WHAT THE EXERCISE ASKS
Nothing is needed except the lines below that run from the one with "HE thyme linalool" through the one with "Strawberries Framed Art Print", repeated exactly.
★ ★ ★ ★
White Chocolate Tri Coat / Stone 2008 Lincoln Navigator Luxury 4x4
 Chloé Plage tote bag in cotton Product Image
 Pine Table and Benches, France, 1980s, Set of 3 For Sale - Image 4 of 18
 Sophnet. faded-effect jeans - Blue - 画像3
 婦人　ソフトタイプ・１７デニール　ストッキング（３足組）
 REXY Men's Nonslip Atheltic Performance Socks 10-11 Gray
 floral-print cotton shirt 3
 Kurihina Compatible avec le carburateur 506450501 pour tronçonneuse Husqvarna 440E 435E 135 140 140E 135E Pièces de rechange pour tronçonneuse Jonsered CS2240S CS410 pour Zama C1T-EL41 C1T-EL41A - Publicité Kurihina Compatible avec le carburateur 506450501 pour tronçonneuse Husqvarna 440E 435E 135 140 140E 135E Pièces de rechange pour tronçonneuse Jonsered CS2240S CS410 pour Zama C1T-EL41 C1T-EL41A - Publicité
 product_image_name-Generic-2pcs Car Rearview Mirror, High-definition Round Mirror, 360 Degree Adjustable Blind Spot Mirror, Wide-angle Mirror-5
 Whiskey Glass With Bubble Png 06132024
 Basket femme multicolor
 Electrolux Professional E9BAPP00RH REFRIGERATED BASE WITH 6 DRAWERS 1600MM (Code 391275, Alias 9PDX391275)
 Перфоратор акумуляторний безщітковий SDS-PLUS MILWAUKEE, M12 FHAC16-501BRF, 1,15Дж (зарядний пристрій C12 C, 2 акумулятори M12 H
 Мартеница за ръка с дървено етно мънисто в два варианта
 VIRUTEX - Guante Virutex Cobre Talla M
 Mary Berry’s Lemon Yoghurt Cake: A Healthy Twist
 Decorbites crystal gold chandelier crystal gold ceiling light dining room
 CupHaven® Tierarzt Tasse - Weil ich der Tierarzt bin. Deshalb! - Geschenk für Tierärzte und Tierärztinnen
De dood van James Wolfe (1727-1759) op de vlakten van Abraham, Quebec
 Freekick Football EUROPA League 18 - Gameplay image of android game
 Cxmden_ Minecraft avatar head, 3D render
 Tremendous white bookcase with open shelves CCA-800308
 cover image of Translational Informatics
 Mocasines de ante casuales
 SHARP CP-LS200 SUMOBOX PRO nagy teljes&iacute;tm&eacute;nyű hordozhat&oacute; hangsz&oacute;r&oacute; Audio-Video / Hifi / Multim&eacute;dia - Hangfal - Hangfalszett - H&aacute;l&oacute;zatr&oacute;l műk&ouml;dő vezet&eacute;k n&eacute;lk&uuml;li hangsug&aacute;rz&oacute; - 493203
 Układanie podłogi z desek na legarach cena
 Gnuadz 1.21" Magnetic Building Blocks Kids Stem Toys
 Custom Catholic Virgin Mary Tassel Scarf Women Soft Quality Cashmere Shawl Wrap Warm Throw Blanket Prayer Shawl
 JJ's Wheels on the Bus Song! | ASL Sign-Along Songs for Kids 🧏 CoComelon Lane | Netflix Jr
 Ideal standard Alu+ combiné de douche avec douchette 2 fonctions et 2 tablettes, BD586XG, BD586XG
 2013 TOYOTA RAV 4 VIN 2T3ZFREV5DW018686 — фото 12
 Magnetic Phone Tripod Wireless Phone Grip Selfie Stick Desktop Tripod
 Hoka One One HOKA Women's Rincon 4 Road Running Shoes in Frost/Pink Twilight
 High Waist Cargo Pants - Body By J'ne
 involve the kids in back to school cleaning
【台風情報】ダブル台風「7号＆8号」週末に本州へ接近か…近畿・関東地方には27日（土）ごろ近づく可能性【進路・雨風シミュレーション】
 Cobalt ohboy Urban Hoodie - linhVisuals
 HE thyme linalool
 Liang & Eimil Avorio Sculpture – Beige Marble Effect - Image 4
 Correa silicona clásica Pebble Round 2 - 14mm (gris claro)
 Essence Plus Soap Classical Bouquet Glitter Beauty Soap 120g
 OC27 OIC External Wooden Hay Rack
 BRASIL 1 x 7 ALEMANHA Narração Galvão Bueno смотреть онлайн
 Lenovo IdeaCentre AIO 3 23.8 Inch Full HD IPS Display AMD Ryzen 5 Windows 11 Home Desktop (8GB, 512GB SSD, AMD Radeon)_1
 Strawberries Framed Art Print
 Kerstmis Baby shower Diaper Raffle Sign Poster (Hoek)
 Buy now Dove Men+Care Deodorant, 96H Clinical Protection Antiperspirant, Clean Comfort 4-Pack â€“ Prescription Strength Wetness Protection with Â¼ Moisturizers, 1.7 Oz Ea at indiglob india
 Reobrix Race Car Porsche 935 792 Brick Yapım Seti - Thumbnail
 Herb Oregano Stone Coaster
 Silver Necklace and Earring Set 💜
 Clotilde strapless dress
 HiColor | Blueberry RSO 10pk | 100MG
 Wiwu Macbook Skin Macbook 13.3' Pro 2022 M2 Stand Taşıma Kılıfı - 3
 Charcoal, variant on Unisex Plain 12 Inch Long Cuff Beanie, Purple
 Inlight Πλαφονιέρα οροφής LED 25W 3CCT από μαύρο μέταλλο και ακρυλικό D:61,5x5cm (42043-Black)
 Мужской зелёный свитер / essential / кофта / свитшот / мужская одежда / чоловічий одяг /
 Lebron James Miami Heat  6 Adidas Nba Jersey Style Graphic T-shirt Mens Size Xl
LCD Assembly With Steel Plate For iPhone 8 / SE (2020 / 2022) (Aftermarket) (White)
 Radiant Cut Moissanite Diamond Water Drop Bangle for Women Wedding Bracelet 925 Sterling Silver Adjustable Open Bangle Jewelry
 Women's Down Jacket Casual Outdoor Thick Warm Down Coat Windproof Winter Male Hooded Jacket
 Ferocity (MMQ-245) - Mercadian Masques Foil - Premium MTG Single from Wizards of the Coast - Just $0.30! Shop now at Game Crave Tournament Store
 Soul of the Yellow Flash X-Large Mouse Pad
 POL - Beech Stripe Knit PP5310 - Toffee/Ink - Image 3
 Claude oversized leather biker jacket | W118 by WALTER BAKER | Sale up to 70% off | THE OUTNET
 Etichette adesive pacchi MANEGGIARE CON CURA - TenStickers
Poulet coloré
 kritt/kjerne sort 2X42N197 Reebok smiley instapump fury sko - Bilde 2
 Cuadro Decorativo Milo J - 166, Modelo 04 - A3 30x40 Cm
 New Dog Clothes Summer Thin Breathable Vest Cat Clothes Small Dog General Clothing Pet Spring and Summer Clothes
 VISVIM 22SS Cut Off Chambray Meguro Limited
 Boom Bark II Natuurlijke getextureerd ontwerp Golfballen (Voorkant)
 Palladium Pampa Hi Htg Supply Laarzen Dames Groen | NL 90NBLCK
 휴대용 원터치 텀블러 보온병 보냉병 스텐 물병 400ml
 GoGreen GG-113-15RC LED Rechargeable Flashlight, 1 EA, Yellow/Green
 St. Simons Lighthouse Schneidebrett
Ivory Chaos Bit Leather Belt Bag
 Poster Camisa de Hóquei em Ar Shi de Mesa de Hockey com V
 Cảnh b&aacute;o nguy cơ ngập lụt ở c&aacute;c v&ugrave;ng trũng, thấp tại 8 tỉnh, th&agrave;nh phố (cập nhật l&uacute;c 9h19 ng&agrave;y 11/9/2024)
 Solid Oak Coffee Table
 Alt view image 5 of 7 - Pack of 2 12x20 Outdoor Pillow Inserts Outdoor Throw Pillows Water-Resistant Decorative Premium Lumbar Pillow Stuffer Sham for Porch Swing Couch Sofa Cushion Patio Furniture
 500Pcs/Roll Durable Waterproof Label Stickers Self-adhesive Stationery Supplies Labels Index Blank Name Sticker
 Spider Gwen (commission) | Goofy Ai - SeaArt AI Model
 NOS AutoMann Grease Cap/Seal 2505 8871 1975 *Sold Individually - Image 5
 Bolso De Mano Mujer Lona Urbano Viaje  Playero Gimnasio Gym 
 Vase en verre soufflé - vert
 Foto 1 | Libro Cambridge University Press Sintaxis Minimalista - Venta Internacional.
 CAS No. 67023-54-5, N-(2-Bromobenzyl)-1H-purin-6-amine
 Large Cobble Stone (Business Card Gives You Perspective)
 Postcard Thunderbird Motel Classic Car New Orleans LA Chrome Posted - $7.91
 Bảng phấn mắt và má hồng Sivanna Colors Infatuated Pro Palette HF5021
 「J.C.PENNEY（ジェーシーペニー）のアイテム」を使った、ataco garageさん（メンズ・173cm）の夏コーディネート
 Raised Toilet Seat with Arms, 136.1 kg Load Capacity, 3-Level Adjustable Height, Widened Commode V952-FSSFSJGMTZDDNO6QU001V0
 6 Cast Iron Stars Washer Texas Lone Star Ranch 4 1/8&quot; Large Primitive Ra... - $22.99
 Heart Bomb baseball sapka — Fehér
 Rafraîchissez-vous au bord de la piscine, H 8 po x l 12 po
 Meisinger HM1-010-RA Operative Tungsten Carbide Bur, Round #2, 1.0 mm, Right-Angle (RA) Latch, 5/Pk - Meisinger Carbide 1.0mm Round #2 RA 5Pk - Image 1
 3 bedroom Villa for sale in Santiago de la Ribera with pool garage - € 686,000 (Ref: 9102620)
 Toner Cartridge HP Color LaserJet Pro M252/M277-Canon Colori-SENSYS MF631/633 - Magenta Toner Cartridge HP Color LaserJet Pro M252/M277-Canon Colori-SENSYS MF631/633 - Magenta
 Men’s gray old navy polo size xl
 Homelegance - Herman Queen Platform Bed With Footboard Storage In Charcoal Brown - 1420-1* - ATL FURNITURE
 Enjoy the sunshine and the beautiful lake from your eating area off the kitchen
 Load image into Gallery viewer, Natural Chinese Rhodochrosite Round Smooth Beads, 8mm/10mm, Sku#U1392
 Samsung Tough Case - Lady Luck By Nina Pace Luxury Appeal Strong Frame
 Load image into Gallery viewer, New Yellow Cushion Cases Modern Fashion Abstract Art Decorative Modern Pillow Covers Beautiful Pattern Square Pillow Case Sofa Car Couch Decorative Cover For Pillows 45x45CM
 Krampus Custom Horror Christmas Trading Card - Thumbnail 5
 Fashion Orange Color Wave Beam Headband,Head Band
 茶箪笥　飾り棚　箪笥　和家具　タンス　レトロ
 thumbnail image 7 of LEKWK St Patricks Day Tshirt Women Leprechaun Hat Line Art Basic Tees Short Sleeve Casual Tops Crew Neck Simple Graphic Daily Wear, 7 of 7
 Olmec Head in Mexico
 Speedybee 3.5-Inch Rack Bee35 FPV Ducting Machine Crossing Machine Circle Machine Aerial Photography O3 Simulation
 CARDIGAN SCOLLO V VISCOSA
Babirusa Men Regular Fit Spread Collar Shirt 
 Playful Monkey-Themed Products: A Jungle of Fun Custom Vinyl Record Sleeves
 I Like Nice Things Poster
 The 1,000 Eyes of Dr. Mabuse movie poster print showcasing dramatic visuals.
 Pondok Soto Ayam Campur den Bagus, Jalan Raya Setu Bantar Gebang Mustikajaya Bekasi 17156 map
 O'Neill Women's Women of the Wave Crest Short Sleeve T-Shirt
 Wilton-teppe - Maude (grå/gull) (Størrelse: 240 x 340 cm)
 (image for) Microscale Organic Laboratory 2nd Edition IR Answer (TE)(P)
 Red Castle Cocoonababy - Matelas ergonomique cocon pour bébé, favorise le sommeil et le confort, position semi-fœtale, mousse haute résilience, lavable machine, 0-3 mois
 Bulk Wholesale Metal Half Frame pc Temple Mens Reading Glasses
★ ★ ★ ★
RESULT OF THIS TASK
 HE thyme linalool
 Liang & Eimil Avorio Sculpture – Beige Marble Effect - Image 4
 Correa silicona clásica Pebble Round 2 - 14mm (gris claro)
 Essence Plus Soap Classical Bouquet Glitter Beauty Soap 120g
 OC27 OIC External Wooden Hay Rack
 BRASIL 1 x 7 ALEMANHA Narração Galvão Bueno смотреть онлайн
 Lenovo IdeaCentre AIO 3 23.8 Inch Full HD IPS Display AMD Ryzen 5 Windows 11 Home Desktop (8GB, 512GB SSD, AMD Radeon)_1
 Strawberries Framed Art Print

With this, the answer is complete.